The name is not declared in any enclosing scope. The compiler attaches a "did you mean?" suggestion when a similar name exists.

Why this fires

The name is not declared in any enclosing scope. The most common causes are:

  • A typo in the name (prnt instead of print).
  • A missing use for a module symbol.
  • A name only declared inside a sibling scope that has already ended.
  • The declaration is below the use site in top-level code (Zolo resolves top-level items eagerly, so this is rare — but it can happen with conditional use blocks).
fn main() {
    prnt("hello")
//  ^^^^ error: undefined variable `prnt` — did you mean `print`?
}

Fix it

1. Correct the spelling

The compiler attaches a Levenshtein "did you mean?" suggestion when a similar name exists nearby.
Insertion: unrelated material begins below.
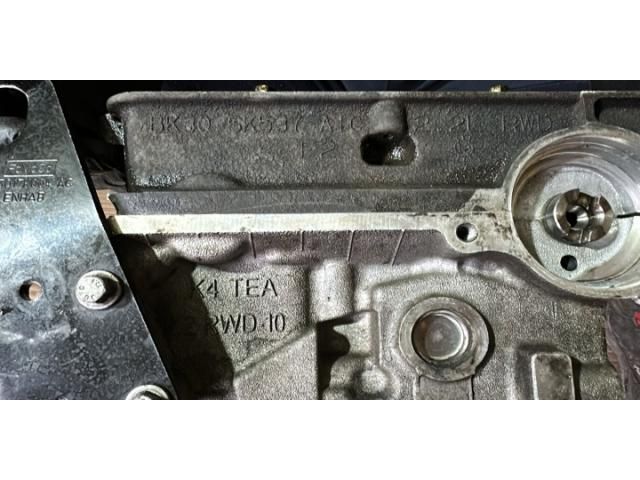 bontott FORD RANGER Hengerfej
Trust it for typos.

2. Import the symbol

If the name comes from another module:

use std::math::{sin, cos}

fn main() {
    print(sin(0.5))
}

3. Move the declaration

If the name was declared in an inner scope that already closed:

if condition {
    let x = compute()
}
print(x)   // x went out of scope at the `}` above

Lift the binding out:

let x = if condition { compute() } else { default_value() }
print(x)

See also

  • TE104 — no such method on a value (different lookup mechanism).
  • TE102 — struct field not found.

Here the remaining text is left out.